OAKLAND — When Lou Trivino finished off the seventh inning by striking out Tommy La Stella, the first man out of the dugout — leaping and screaming and hugging — was Frankie Montas.

After a season where he stepped in unexpectedly and bolstered a decimated Oakland Athletics rotation, Montas had gone six-plus innings against the Los Angeles Angels of Anaheim in his 2019 debut, allowing just three hits and one run, but couldn’t get an out in the seventh, allowing a leadoff double to Justin Bour.

Trivino — the A’s setup man — preserved the lead for Montas, who, after a sparkling spring, earned the 2-1 win over the visiting Angels, using his fastball, slider and newly-acquired splitter to strike out six. In the process, he became the fourth straight Oakland starter to go at least six innings, and at least for his first outing of the year, proved his eye-opening spring training numbers weren’t a fluke.

“From spring training, the expectations are, ‘This is what you can do,’” said A’s pitching coach Scott Emerson. “I think he understand: This is what I can do; I can use both sides of the plate with my fastball; I don’t have to sit back and throw all fastballs, and I can pitch. This spring training, and today, I think we’ve seen him pitch.”

In five games this spring (not including his three scoreless innings of relief against the Giants last week), Montas allowed a single earned run on 11 hits and five walks in 16 innings, striking out 16. On Sunday, he helped the A’s win three of four from the Angels, and extended the Oakland starting rotation’s scoreless innings streak to 25 2/3.

After emerging as a top prospect with the Chicago White Sox, Montas had his career stalled by a rip resection to aleviate thoracic outlet syndrome, missing all of 2016. His 2017 with the A’s was a mess, with a 7.03 ERA in 32 innings.

Montas started 11 games last season, and was optioned to Triple-A three times as Oakland struggled to piece together a starting rotation due to injury and attrition. When he was up, he acquitted himself well, with a 3.88 ERA and 43 strikeouts in 65 innings.

Montas’s stint with the A’s in 2018 was the closest he’d come to sustained big league success, but Emerson realized Montas had a deficiency: He had a changeup, but rarely used it.

“When guys have a changeup, and they throw it three or four percent of the time, they obviously don’t have enough confidence in it, because they’re not throwing it,” Emerson said. “I talked to him: ‘It’s a weapon you have to use, as a changeup. If you don’t use the changeup, let’s go to the split, see if you feel comfortable with it.’”

Montas tinkered with the pitch during his offseason bullpen and catch sessions. Before his first, Emerson called him to make sure he incorporated the pitch, and he threw five or six. It wasn’t until spring training that he began to sharpen it, throw it more often and use it off his near-triple-digit two-seam fastball and 90-mph slider.

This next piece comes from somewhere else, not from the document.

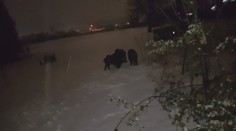 Vianoce sú aj časom návštev, no takúto rodinku by ste asi vrúcne nevítali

“I think what’s made him kind of who he is now is adding the split-finger, and being a true three-pitch mix guy with the slider, and having command of all those pitches,” manager Bob Melvin said after Montas’s final start of the spring against the San Francisco Giants. “He’s a little bit of a different guy that we’ve seen the last couple years.”

Along with his strikeouts on Sunday, he got nine groundouts, using that splitter to pitch to contact and getting hitters to roll over. After allowing a leadoff double to Kole Calhoun and hitting Mike Trout in the first by working too quick and opening up early, he retired 14 straight, including nine on ground ball outs and one double play to get out of the first.

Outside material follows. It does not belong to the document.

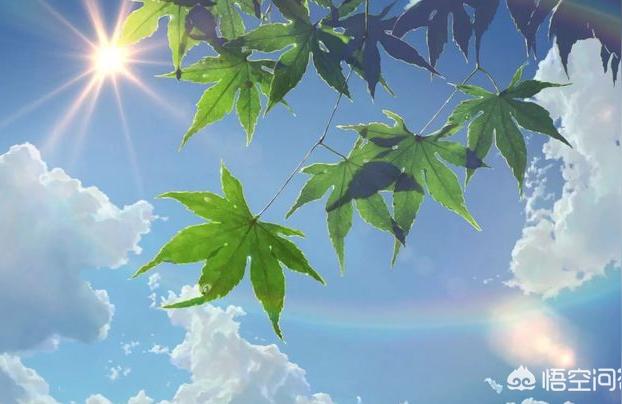 抖音副業(yè)一個人能做嗎抖音極速版怎么做個人地推 運營百科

“He was a little amped to begin with, kind of missing arm side a little bit,” Melvin said. “Had good velo, obviously, then [catcher Nick] Hundley did a good job, threw a couple of splits that made him get his arm across his body, got the double play, and he was on his way.”

Montas used the splitter 17 times on Sunday, getting four swings and misses, two called strikes and five balls put in play, with four groundouts and a pop out.

“I feel like the splitter has made a big difference,” Montas said. “Now, I have three plus pitches, and hitters had to worry about the fastball and the slider; now they have to worry about the splitter, too. It’s better when a hitter has to worry about three pitches, than two.”

Meanwhile, the A’s loaded the bases twice and came up empty, but took a 1-0 lead on a 388-foot solo homer in the fourth by Khris Davis. Oakland (3-3) took a 2-0 lead over the Angels (1-3) when a one-out double by Marcus Semien in the fifth was cashed in by a Matt Chapman RBI single to left.

Montas gave up the starting rotation’s scoreless-innings streak with a 1-0 solo home run by Calhoun with two outs in the sixth, cutting the Oakland lead to 2-1. He bounced back by blowing a 96.4 mph fastball by Mike Trout for an inning-ending strikeout. Trivino, Joakim Soria and Blake Treinen — for his third day of work in a row — finished things off, with Treinen getting his second save in as many days. There was no one more grateful in the dugout than Montas, who came out after 77 pitches.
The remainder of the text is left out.